How strategic are you as an HR practitioner? Is your department on the path to being a business partner? Monica Belcourt, professor of HR management at Toronto’s York University, says you should ask yourself the following questions to determine the answer.

Is HR a strategic partner

Are you strategic? Ask yourself the following:

•Do you understand the business?

•What financial indicators are important to the company?

•Who are your customers?

•What is your competitive advantage?

•What major technological changes affect your work?

•Do you know what the corporate plan is?

•Can you quickly list the major initiatives of your company?

•Do you align HR programs with organizational goals?

•Can HR position the organization to succeed?
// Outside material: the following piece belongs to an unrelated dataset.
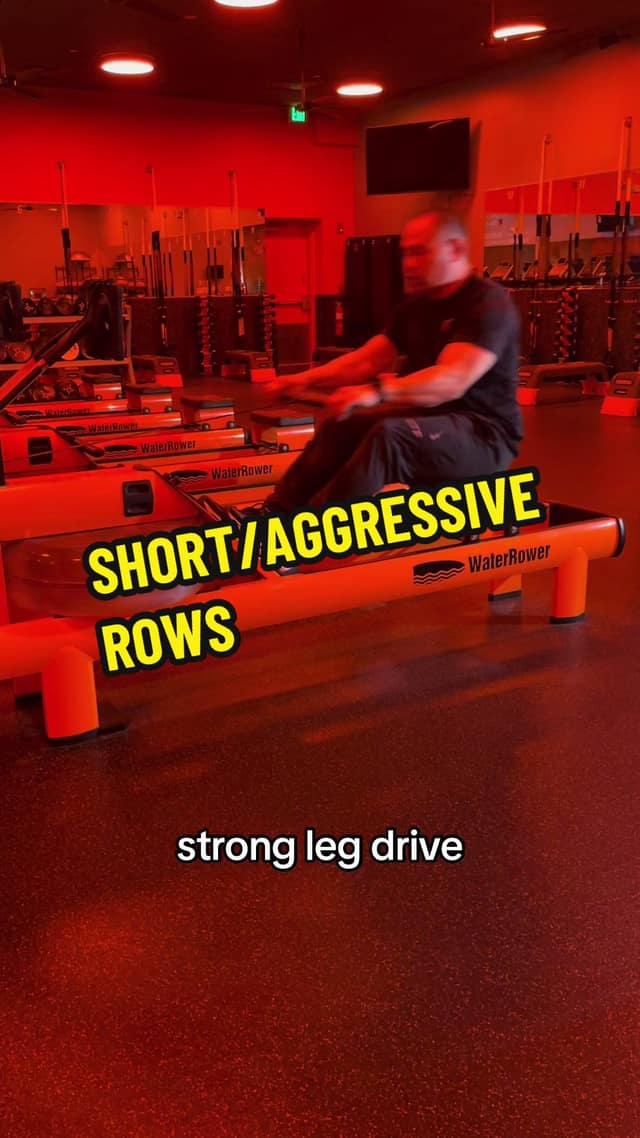 Short/Aggressive Rows TikTok preview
•Is HR focused on deliverables?

•Does HR report on effectiveness?

•Are major organizational decisions made with your input?

When HR is on the path to being a business partner

What are the signs that an HR department is acting strategically as a business partner? Look for these indications:

•HR does more planning work;

•more organizational design work;

•more career and management development work;

•HRMS is fully integrated;

•when managers use HR to solve operational problems; and

•when rotation in and out of HR is valued.